3. 'If you were an animal, which animal would you be?'
"The animal kingdom is broad, and everyone can identify with a specific animal they think embodies their own personalities and characteristics," Stormy Simon, president of Overstock, tells Business Insider.
“动物王国的范围非常广泛，而每一个人都能找到一种特定的动物来表示他们本人的个性。”Stormy Simon是Overstock的总裁，接受Business Insider记者采访时说道。
"There are so many different human traits, where in the animal kingdom they put themselves, and why, really gives insight to the person answering the question. For example, just because you love dogs doesn't mean you would identify yourself as a dog," she explains.
Good answers, she says, are where the candidate picks an animal that they think truly personifies the traits that set them apart. "People have often chosen the same animal as other candidates, but the traits they describe have never been the same," says Simon. But they're not all good answers.
4. 'What do you want to be when you grow up?
Stewart Butterfield, the cofounder of Flickr and chief executive of Slack, likes to ask job candidates this question we've been answering for our teachers and parents since we were kids.
"Good answers are usually about areas in which they want to grow, things they want to learn, things that they feel like they haven't had a chance to accomplish yet but want to accomplish," he tells Adam Bryant of The New York Times. "A very short answer to that question would be automatically bad."
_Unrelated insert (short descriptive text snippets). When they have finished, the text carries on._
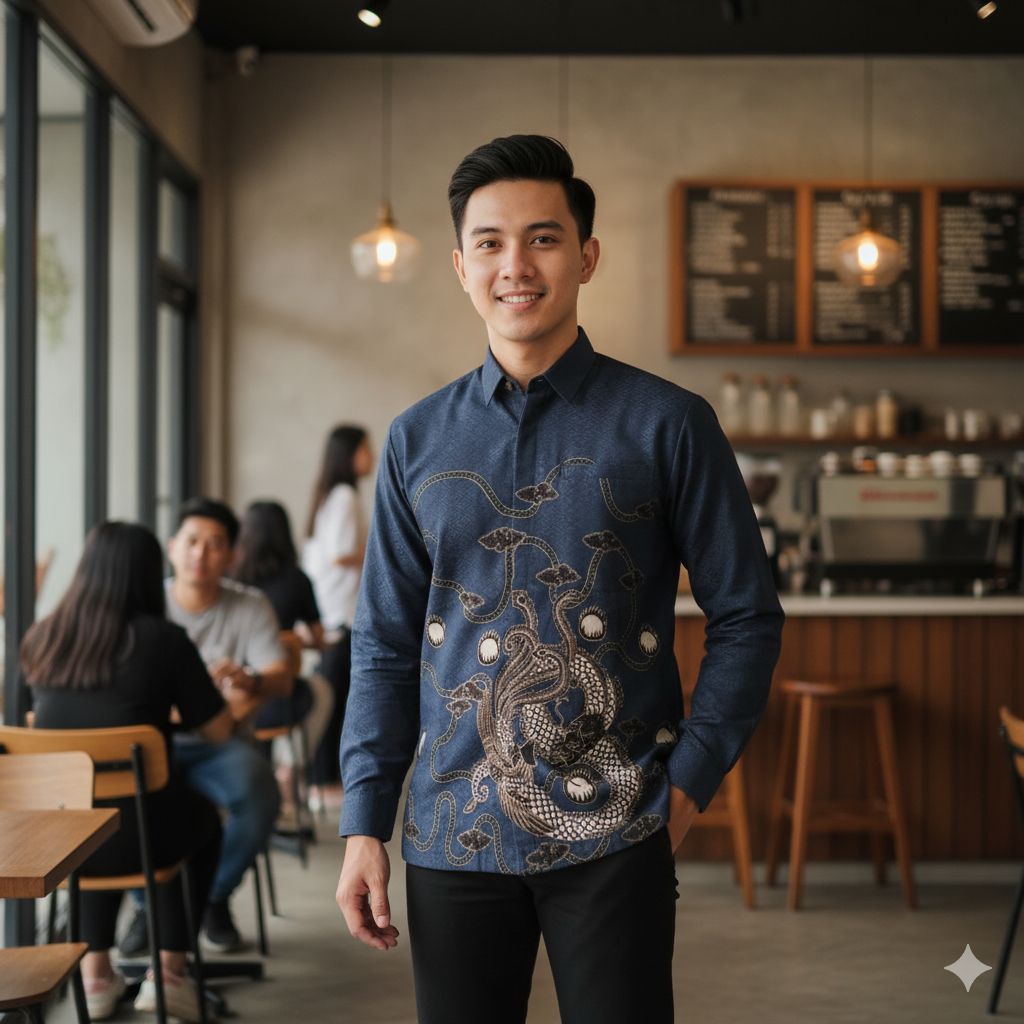 KEMEJA BATIK PRIA MOTIF SIMPLE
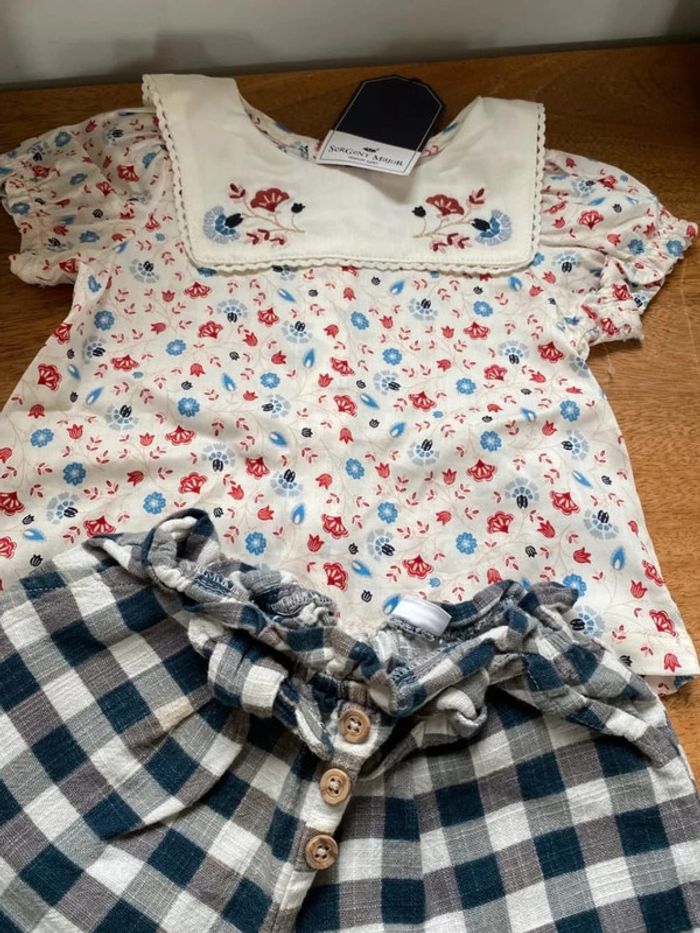 Ensemble petite fille 12 mois - photo numéro 2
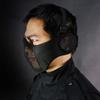 AOUTACC Airsoft Mesh Mask, Half Face Mesh Masks with Ear Protection for CS/Hunting/Paintball/Shooting (Mesh Ear, BK) view 4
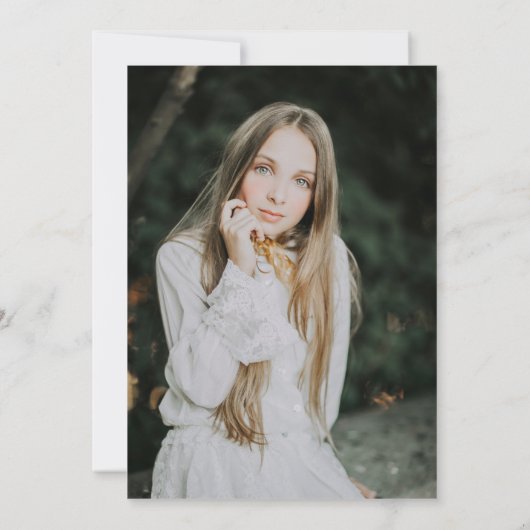 Senior 2026 Graduation Photo 招待状 (裏面)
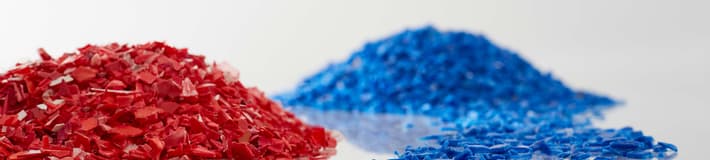 Sensor-based sorting accurately separates red and blue PP flakes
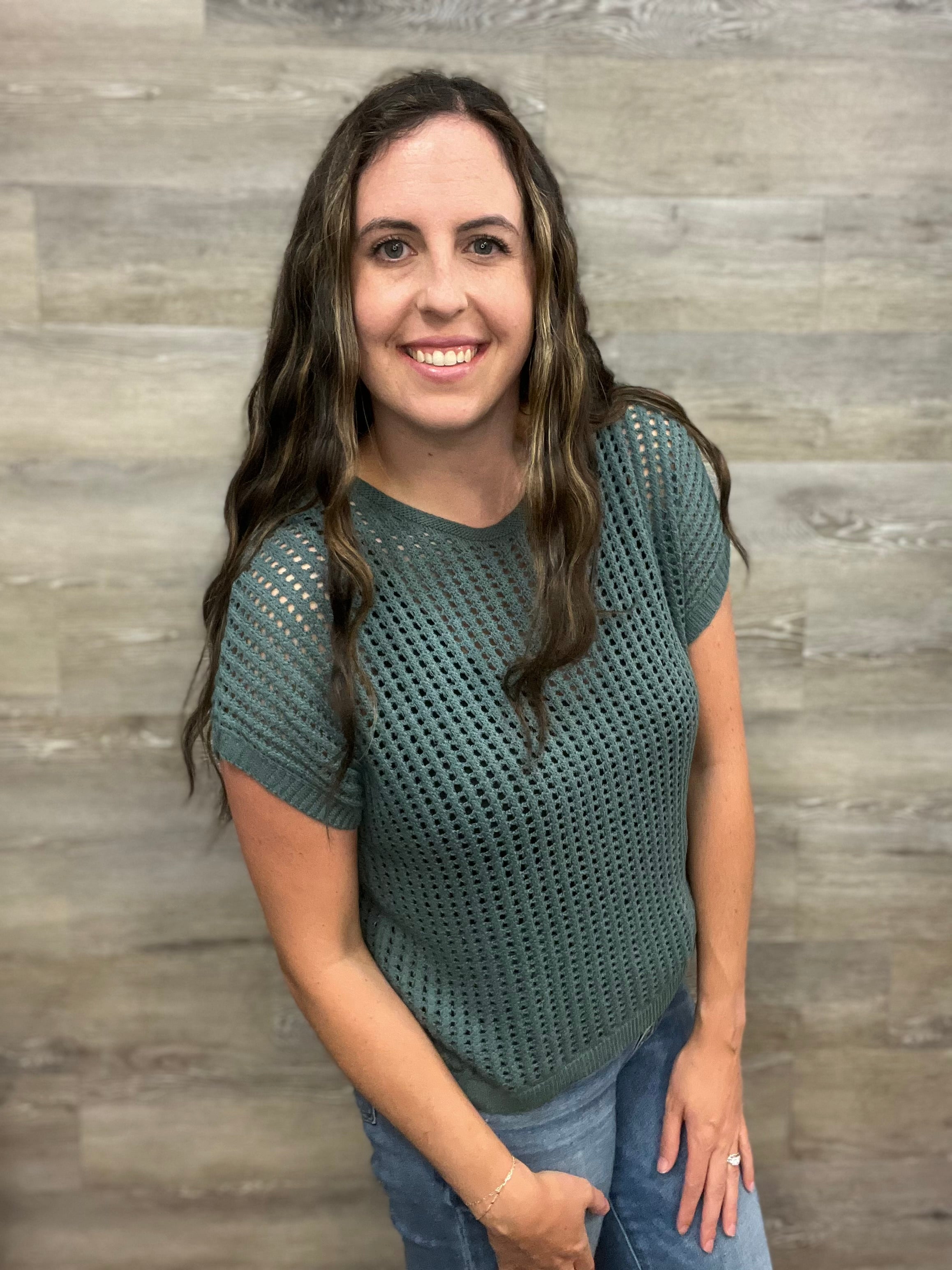 Viscose Crochet Knit Sheer Hollow Sweater FINAL SALE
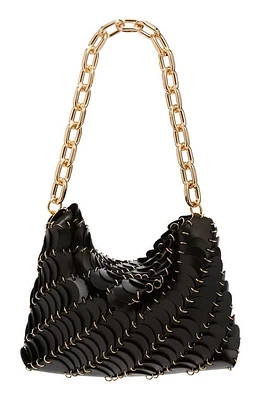 Rabanne Lea Leather Shoulder Bag in Black at Nordstrom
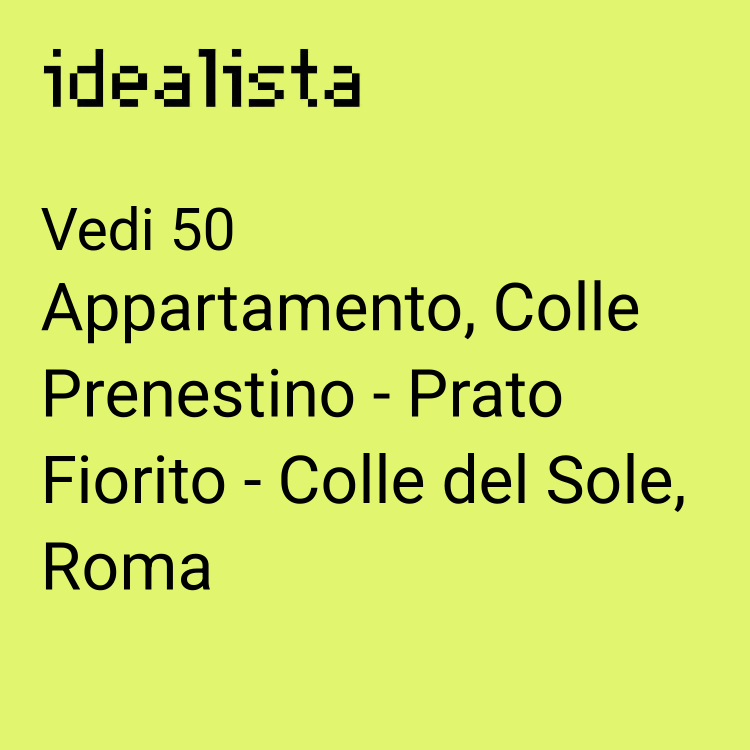 appartamento in vendita a Roma in zona Prenestino-Centocelle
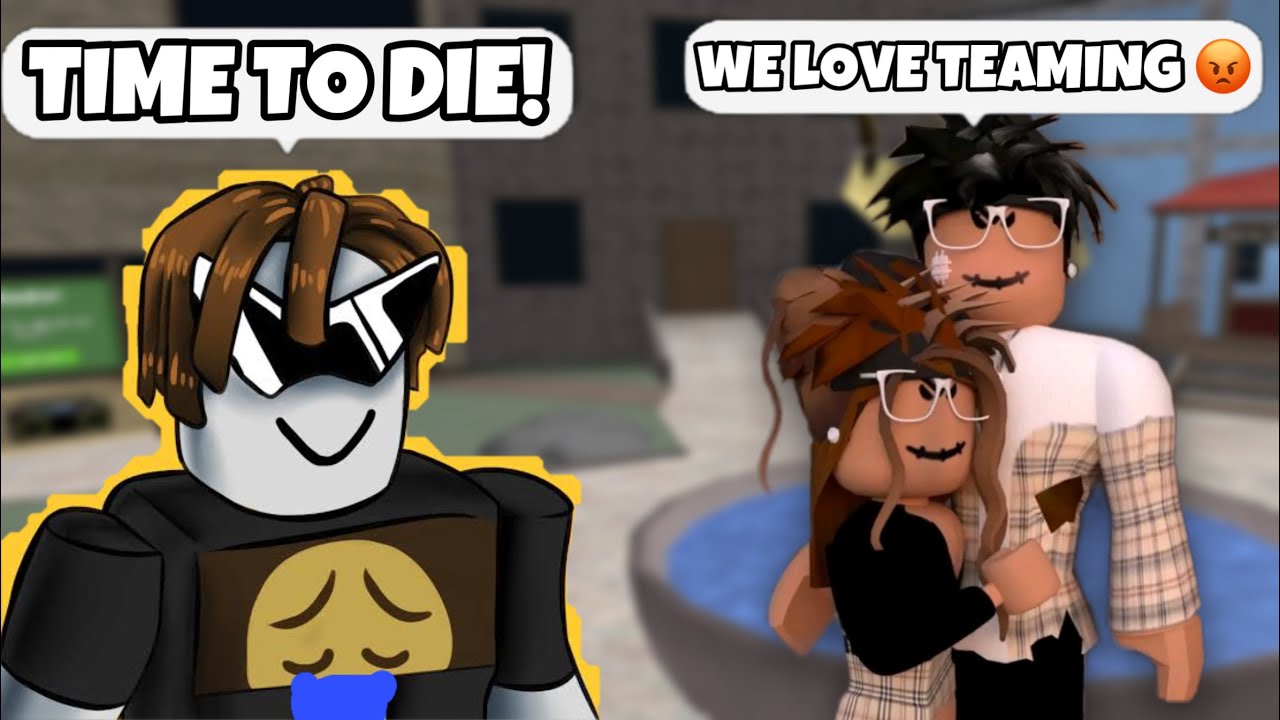 Destroying Teamers In Mm2 As Tubers93 Youtube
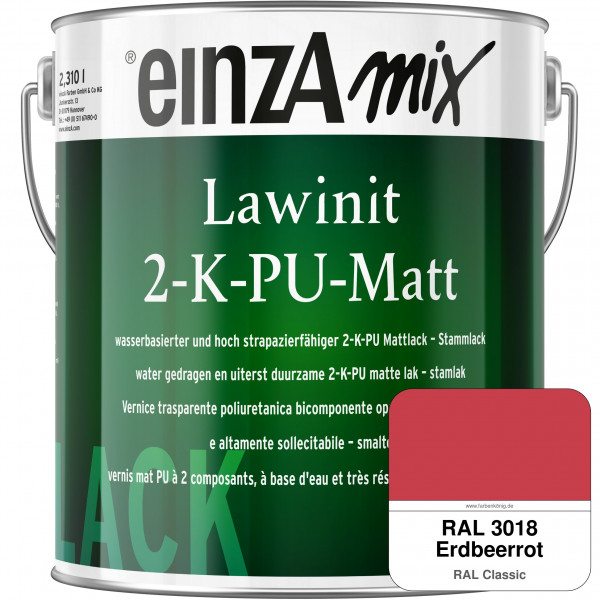 einzA Lawinit 2-K-PU Matt Stammlack (RAL 3018 Erdbeerrot)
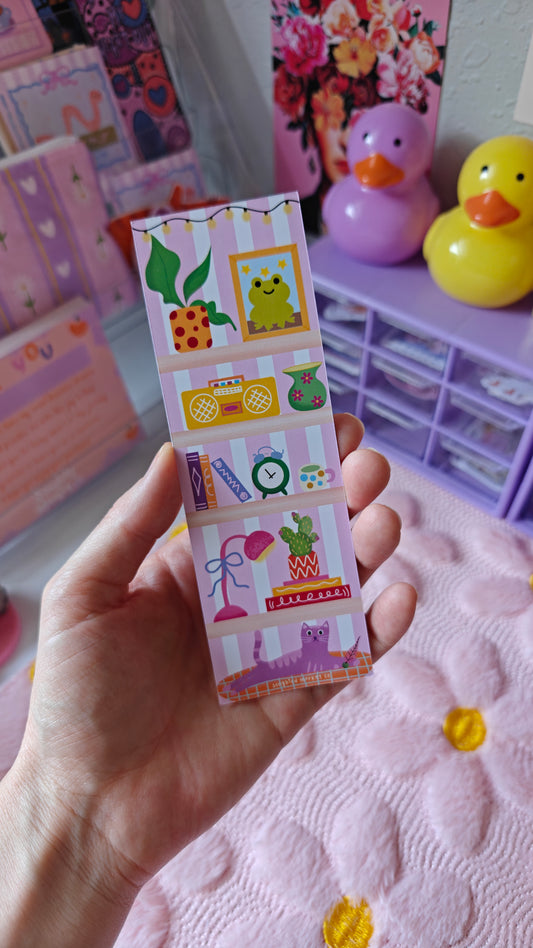 The Whimsy Wand & Cozy Bookshelf Bookmark Set
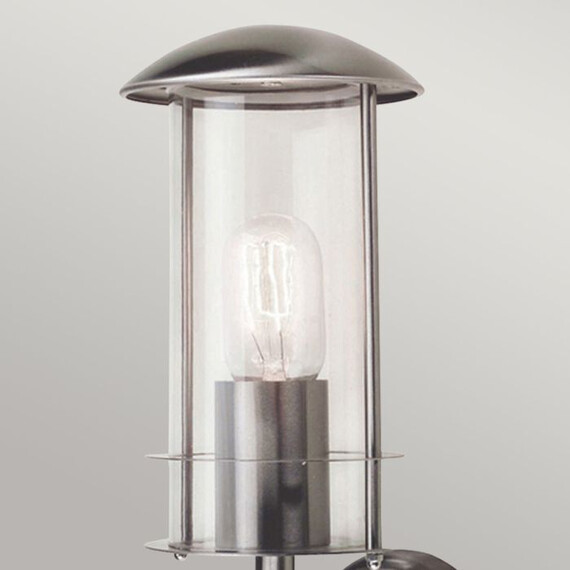 Външен аплик Bruges Stainless Steel 1xE27 Stainless Steel Elstead Lighting BRUGES-ST-STEEL | Osvetlenieto.bg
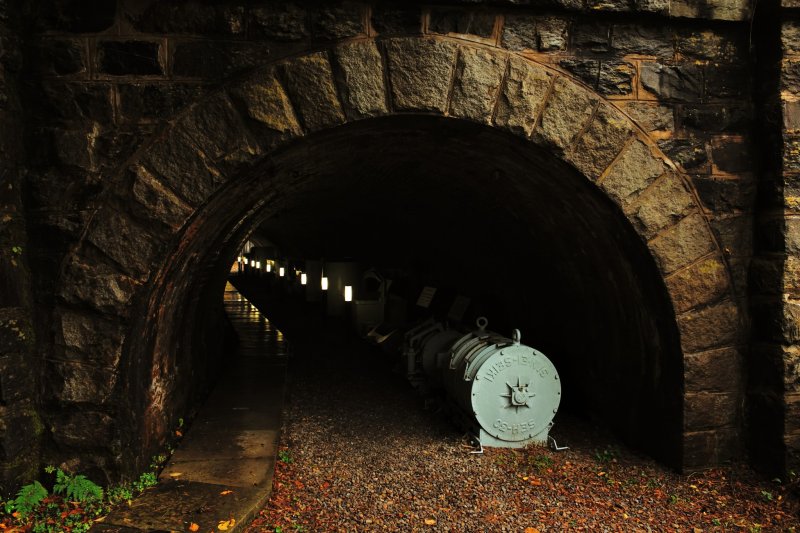 이 작은 터널은 토나루 지역에서 사용된 구리 운반기구 전시관이 되었다
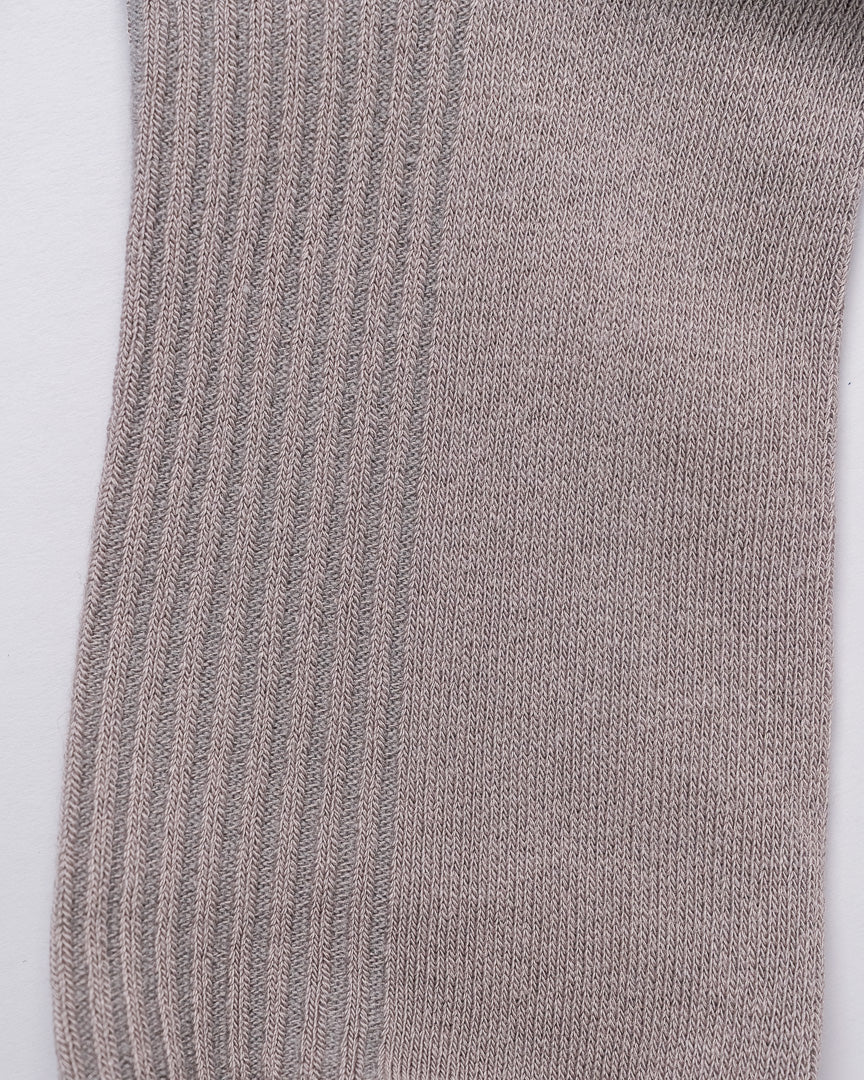 Men's Classic Ribbed Cotton Quarter Socks – 4 Colors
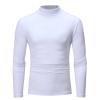 Discount pallets amaon Mens T Shirt Long Sleeve Basic Mock Turtleneck Slim Fit Undershirt Pullover Casual Lightweight Thermal Pullover Tops White view 1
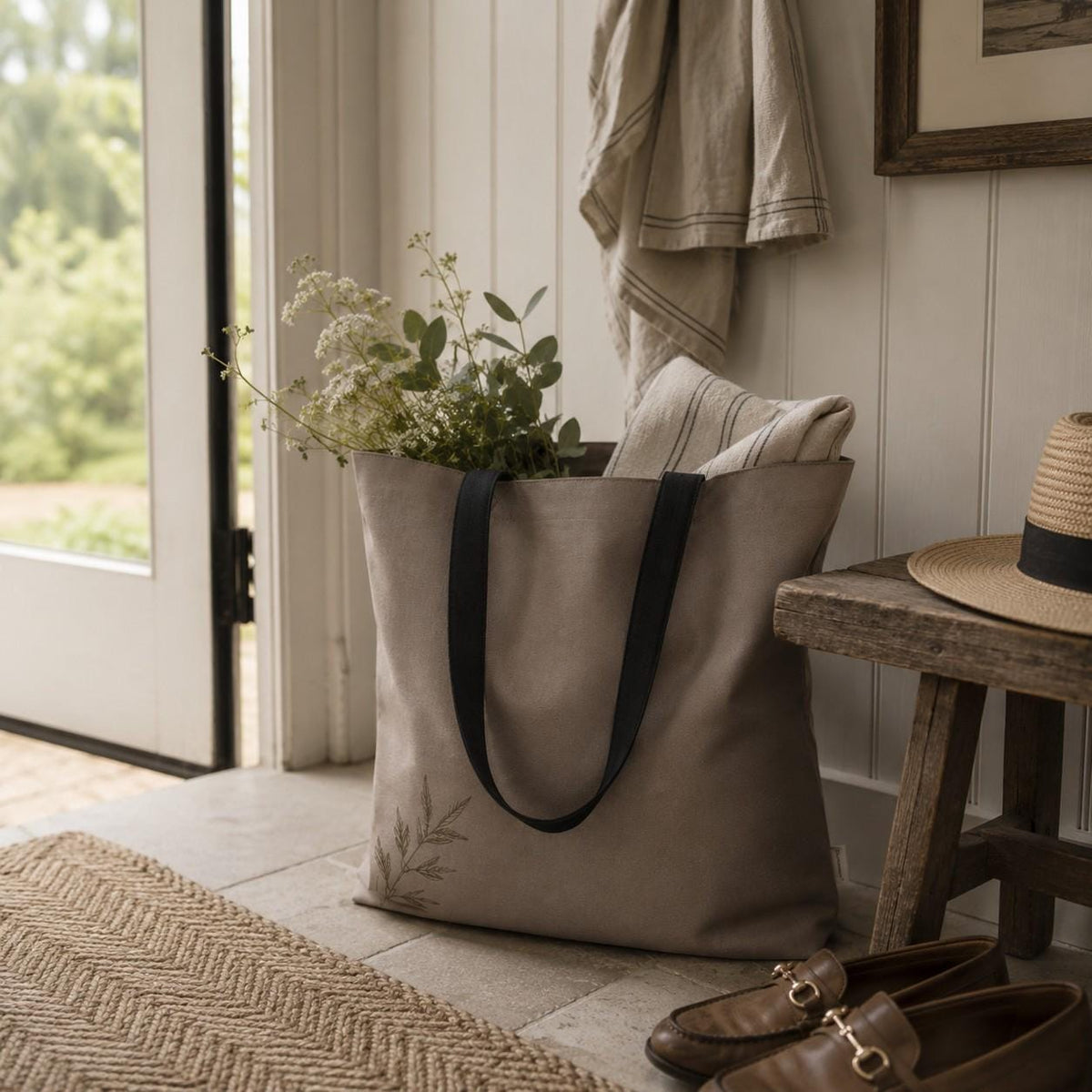 The Signature Willow Tote Bag Taupe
5. 'What would you do in the event of a zombie apocalypse?'
This seems like a ridiculous question to ask, but it's posed to every prospective employee at Capriotti's Sandwich Shop, a national restaurant franchise. Ashley Morris, the company's CEO, says it's the best way to learn how candidates react under pressure.
虽然这个问题看起来很荒谬，不过Capriotti’s Sandwich Shop这家遍布全国的连锁餐饮店，却把这个问题贴出来让每一个潜在员工思考。
"There really is no right answer, so it's interesting to get someone's opinion and understand how they think on their feet," Morris explains. "The hope is that for us, we're going to find out who this person is on the inside and what's really important to him, what his morals really are, and if he'll fit on the cultural level."